[Caption-style text data]

★ ★ ★

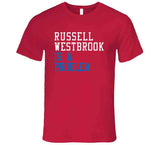 Russell Westbrook Is A Problem Los Angeles Basketball Fan T Shirt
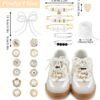 28PCS Shoe Charms for Sneakers,Shoe Lace Charms for Women, S...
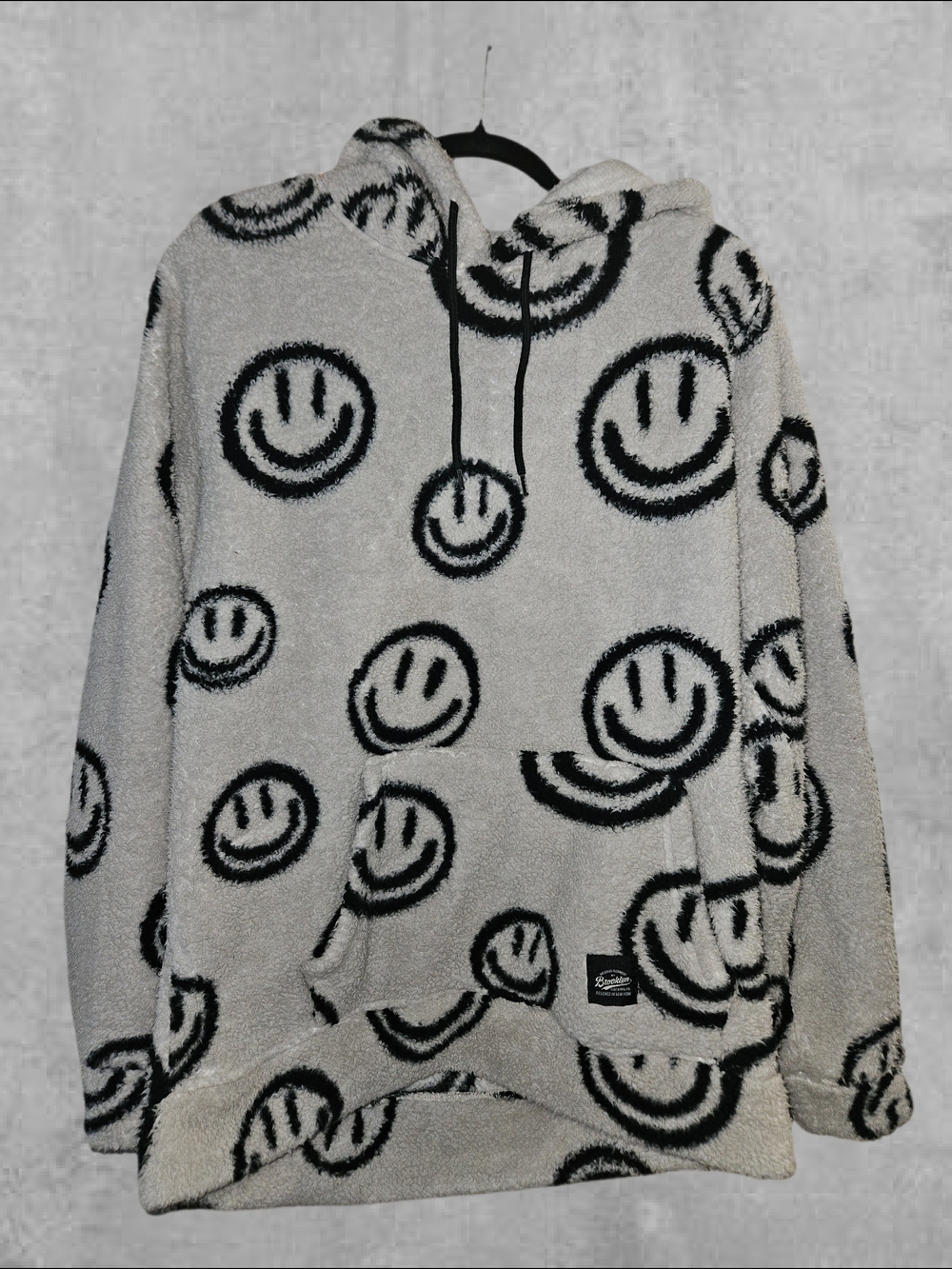 Brooklyn Cloth Smiley Hoodie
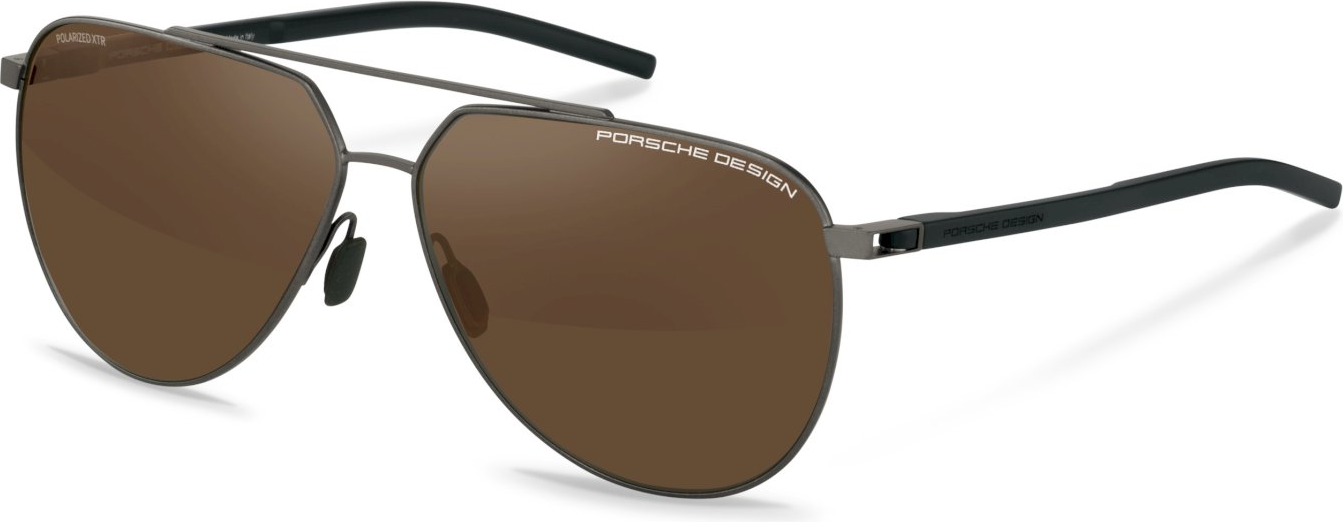 Color_B442 - Dark Grey - Black / Brown Polarized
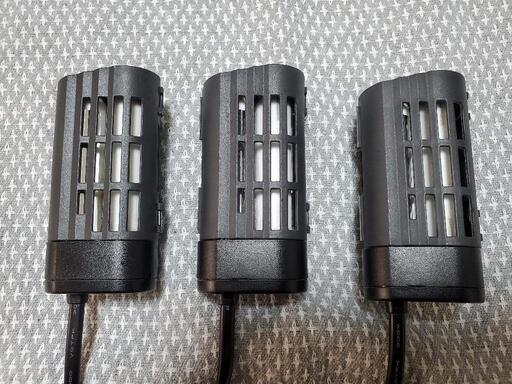 GEX オートヒーター スタンディ SH20 3本セット 水槽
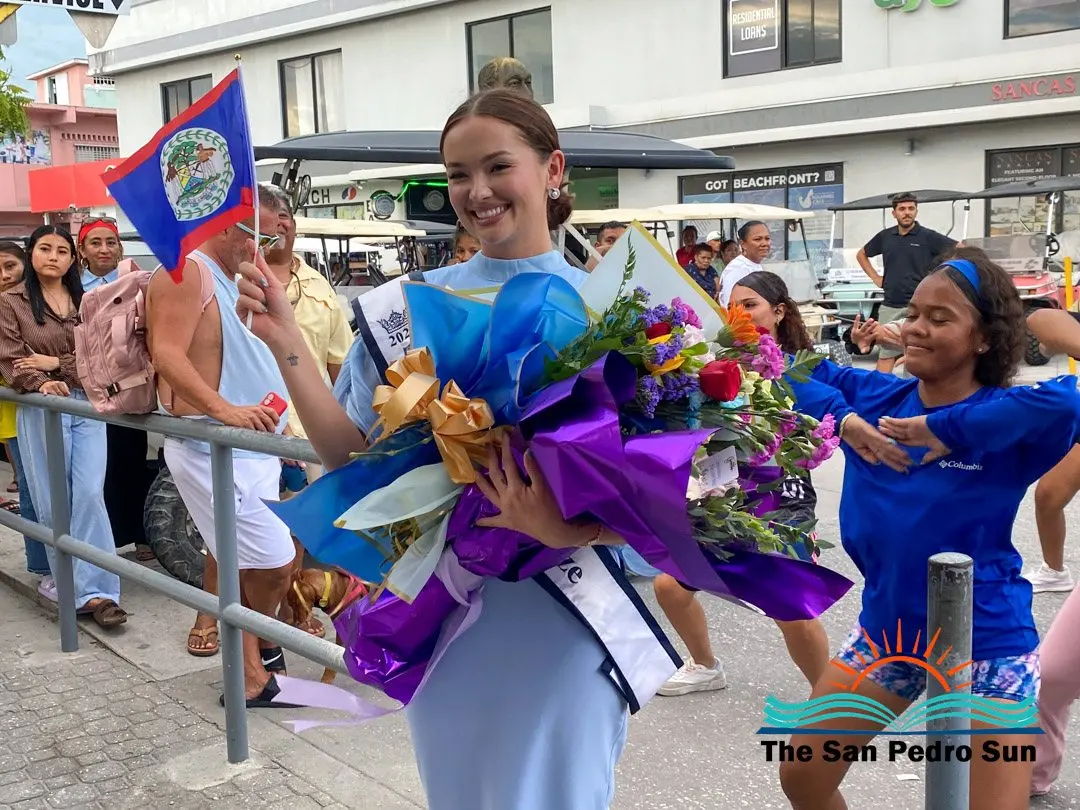 San Pedro Turns Out for Faith Edgar After Her Historic Miss World Run in Vietnam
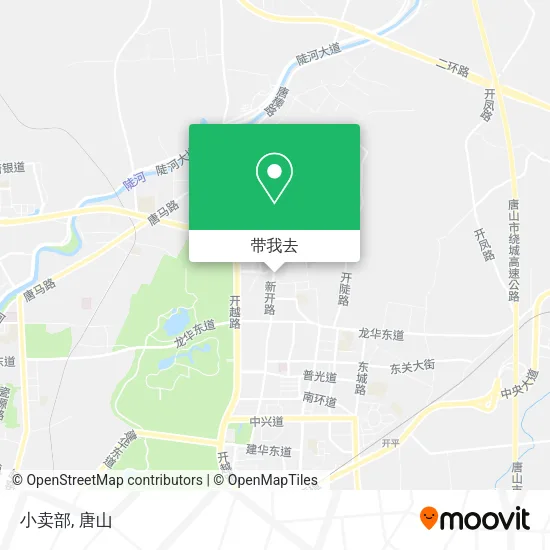 小卖部地图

★ ★ ★

▸ Activity: Please return every record above exactly, but leave out the pictures.

▸ Task answer:
 Russell Westbrook Is A Problem Los Angeles Basketball Fan T Shirt
 28PCS Shoe Charms for Sneakers,Shoe Lace Charms for Women, S...
 Brooklyn Cloth Smiley Hoodie
 Color_B442 - Dark Grey - Black / Brown Polarized
 GEX オートヒーター スタンディ SH20 3本セット 水槽
 San Pedro Turns Out for Faith Edgar After Her Historic Miss World Run in Vietnam
 小卖部地图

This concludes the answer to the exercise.